Classroom lesson · Food · 🇧🇴 Bolivia

Salteñas

Bolivia's beloved juicy pastry — a national breakfast treat

A row of golden-brown braided salteñas pastries on a market stall

Photo · Wikimedia Commons

What is it?

Salteñas are Bolivia's most beloved pastry. They are hand-sized parcels of dough filled with a rich, juicy stew of meat, vegetables, olives and hard-boiled egg. The dough is sealed with a beautiful braided ridge along the top, and then baked until golden. Eating one without spilling the delicious juice inside is considered a true skill!

Tell me more

Salteñas are typically eaten in the morning, as a breakfast or mid-morning snack. Bolivians are very proud of their salteñas — every family, restaurant and market stall has its own secret recipe. Some are slightly sweet, some are spicy, and the filling can include chicken, beef, or vegetables. The debate over whose salteña is best never ends.

The name 'salteña' comes from the city of Salta in Argentina — according to tradition, a woman from Salta brought her pastry recipe to Bolivia long ago and the Bolivians adapted it so thoroughly that it became their own. Today, Bolivia's version is quite different from any Argentine pastry.

The juice inside a salteña is the trickiest part.
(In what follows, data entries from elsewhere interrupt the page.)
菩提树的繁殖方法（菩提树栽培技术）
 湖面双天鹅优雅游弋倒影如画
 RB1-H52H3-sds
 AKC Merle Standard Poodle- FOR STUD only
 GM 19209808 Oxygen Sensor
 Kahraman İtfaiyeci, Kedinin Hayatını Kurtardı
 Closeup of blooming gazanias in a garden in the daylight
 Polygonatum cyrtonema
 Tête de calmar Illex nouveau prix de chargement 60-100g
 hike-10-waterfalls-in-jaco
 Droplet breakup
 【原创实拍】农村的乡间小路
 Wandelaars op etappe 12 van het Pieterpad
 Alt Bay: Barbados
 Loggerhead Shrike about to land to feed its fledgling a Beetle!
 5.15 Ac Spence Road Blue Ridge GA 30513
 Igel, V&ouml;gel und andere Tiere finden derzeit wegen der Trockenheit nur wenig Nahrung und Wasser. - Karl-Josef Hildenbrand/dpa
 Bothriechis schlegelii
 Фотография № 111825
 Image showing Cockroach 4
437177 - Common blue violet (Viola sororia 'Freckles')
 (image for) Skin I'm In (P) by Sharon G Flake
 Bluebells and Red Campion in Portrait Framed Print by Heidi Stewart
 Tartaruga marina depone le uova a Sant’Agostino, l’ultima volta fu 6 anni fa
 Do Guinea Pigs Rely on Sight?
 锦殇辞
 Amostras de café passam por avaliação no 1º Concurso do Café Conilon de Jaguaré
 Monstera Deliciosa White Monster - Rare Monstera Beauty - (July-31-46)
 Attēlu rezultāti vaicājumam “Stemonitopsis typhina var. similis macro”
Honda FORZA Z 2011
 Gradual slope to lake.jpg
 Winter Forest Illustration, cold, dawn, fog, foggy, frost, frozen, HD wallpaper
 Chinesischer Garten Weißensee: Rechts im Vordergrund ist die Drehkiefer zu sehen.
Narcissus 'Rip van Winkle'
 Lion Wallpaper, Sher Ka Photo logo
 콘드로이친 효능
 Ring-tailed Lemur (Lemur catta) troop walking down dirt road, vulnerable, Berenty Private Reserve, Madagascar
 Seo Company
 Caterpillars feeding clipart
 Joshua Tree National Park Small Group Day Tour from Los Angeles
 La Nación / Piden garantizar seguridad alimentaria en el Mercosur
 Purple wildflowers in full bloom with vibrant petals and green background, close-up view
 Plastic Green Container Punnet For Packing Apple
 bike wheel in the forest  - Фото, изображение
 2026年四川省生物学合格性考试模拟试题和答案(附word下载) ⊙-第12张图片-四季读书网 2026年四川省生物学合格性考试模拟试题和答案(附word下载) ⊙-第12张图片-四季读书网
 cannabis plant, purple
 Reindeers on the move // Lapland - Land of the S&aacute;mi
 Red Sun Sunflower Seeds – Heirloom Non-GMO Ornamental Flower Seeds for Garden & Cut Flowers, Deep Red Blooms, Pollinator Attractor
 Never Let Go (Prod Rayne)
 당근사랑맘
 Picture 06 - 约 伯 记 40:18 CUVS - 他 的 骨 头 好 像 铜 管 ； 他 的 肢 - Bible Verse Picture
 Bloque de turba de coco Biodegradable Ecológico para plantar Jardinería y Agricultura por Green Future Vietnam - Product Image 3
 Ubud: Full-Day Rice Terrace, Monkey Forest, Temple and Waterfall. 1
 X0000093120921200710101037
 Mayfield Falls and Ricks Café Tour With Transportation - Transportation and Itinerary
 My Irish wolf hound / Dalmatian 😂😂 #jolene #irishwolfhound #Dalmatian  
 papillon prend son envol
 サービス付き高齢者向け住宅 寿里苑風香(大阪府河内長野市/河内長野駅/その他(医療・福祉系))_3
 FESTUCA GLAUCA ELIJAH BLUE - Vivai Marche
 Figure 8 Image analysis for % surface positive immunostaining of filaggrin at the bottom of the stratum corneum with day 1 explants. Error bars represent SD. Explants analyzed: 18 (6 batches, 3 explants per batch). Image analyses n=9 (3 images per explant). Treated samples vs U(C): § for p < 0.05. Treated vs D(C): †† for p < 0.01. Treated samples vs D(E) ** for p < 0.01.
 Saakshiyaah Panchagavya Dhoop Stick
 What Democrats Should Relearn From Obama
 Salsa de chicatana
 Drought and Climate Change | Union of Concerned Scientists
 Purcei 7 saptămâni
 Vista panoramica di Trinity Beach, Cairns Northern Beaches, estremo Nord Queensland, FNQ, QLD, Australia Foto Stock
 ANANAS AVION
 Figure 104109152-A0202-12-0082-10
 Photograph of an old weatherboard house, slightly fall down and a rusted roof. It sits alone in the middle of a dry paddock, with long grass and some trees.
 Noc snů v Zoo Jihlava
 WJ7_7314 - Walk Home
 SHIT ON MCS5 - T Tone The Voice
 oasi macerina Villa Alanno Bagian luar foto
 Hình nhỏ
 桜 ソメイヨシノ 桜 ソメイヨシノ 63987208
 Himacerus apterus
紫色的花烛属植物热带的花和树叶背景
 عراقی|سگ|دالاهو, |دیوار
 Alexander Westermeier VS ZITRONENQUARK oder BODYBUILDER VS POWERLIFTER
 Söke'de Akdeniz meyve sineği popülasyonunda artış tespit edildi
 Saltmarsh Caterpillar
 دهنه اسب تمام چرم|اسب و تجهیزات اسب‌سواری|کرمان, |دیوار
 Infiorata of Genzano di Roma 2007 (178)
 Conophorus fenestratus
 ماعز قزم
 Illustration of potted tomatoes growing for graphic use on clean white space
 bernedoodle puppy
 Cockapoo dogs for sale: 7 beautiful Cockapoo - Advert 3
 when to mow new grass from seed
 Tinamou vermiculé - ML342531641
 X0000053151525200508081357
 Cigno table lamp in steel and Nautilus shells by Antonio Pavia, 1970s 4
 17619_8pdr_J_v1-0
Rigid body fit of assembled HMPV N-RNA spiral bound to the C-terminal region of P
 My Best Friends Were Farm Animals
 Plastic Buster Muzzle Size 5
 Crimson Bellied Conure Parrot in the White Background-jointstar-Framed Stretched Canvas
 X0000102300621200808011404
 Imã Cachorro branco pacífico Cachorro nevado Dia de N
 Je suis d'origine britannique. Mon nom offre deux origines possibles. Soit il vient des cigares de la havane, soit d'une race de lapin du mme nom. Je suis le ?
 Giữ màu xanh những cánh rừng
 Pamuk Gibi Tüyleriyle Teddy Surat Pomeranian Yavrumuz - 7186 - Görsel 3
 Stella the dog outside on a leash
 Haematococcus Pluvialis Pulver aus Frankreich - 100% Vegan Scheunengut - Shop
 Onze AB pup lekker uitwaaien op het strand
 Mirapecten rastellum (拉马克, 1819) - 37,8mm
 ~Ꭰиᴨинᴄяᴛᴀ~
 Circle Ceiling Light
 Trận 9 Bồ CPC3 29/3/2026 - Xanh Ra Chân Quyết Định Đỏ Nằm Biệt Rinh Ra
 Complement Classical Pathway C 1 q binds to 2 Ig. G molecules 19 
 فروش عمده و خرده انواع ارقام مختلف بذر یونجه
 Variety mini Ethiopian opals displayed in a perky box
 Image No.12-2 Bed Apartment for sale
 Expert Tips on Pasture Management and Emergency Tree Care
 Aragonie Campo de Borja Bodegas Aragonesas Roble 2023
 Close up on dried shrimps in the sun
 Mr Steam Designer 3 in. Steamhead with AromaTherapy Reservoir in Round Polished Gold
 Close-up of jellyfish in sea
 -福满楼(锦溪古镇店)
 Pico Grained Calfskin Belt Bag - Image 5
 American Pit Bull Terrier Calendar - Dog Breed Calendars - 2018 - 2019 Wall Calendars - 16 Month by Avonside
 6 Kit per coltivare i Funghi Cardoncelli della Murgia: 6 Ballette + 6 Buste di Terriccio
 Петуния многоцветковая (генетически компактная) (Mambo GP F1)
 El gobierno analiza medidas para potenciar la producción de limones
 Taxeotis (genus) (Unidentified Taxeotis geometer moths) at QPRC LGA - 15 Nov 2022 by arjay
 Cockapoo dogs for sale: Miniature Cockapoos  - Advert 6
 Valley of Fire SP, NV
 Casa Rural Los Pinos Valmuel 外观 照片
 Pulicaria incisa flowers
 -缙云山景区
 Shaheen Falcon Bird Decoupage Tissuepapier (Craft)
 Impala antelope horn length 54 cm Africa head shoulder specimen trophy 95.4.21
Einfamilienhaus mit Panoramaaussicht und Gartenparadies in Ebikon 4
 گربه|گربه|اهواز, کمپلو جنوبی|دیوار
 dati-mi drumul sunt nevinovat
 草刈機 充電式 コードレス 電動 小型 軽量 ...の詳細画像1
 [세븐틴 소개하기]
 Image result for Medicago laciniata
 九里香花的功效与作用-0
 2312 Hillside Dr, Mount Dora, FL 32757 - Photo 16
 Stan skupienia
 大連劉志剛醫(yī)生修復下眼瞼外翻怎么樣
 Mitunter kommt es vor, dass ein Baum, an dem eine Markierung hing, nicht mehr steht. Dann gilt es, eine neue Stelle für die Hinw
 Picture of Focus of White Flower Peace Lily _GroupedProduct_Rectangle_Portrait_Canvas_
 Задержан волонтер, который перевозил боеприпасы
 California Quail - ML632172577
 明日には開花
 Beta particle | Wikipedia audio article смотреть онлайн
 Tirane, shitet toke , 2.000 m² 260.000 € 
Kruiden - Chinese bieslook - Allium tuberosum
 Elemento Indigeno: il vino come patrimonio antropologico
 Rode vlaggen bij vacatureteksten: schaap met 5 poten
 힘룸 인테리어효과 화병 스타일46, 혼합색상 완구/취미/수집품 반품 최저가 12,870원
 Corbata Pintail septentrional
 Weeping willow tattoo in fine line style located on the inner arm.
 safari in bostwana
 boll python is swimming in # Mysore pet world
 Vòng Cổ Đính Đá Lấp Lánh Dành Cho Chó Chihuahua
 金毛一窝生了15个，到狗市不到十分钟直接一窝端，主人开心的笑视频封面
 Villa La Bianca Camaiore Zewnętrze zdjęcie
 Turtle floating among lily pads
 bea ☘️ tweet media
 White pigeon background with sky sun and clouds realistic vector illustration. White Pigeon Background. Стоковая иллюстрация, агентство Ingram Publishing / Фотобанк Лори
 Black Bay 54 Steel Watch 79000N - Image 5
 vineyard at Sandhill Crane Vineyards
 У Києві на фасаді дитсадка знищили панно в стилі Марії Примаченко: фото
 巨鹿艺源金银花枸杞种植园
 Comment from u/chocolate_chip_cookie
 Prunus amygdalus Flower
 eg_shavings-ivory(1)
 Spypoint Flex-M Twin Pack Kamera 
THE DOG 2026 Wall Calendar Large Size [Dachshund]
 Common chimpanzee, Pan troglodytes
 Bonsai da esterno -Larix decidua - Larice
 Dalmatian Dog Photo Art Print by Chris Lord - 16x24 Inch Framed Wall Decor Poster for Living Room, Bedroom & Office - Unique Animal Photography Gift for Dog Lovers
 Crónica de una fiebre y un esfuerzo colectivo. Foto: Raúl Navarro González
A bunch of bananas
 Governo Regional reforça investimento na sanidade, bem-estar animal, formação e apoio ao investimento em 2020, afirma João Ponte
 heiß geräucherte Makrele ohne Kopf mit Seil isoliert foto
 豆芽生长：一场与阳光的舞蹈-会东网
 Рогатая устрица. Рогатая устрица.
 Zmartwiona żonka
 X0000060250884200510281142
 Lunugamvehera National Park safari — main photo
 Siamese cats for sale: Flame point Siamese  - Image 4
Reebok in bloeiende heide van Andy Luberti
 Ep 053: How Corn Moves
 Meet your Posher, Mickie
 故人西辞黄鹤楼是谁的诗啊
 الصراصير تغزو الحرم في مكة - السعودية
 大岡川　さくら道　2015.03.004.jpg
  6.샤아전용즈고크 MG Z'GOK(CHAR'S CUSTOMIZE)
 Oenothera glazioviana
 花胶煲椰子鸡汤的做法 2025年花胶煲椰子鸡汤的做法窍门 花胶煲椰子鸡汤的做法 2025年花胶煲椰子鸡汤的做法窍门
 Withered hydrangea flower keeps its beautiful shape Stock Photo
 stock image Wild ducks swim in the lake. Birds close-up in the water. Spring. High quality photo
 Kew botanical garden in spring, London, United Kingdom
The filling is put in as a thick stew, but while baking it turns liquid. Bite into one wrong and the juice will run down your arm! Experienced salteña-eaters tilt the pastry, bite a small hole at the top, sip the juice first, and then eat the rest. Watching a Bolivian eat a salteña gracefully is very impressive.

Every Bolivian city claims to make the best salteñas in the country. People in Cochabamba are especially confident about their version. Trying salteñas at a local market is considered one of the best ways to experience Bolivian food culture.

In the classroom

Walk your class through this in 15 minutes.

Talk together

Discussion prompts

  1. 01Salteñas are eaten in the morning, which feels unusual if you are used to pastries as snacks. What morning foods do people eat in different countries that might seem unusual to others?
  2. 02The salteña came from Argentina but became so Bolivian that people think of it as their own. Can you think of other foods that moved from one country and became part of another country's identity?
  3. 03If you invented a pastry, what would you put inside it? How would you seal it to keep the filling in?
Try this

Classroom activity

Design a salteña filling! List five ingredients you would put inside your own pastry. Draw a cross-section of your pastry showing the dough, the filling, and the braided top. Write a one-sentence description of what makes yours special — imagine you are advertising it at a market stall.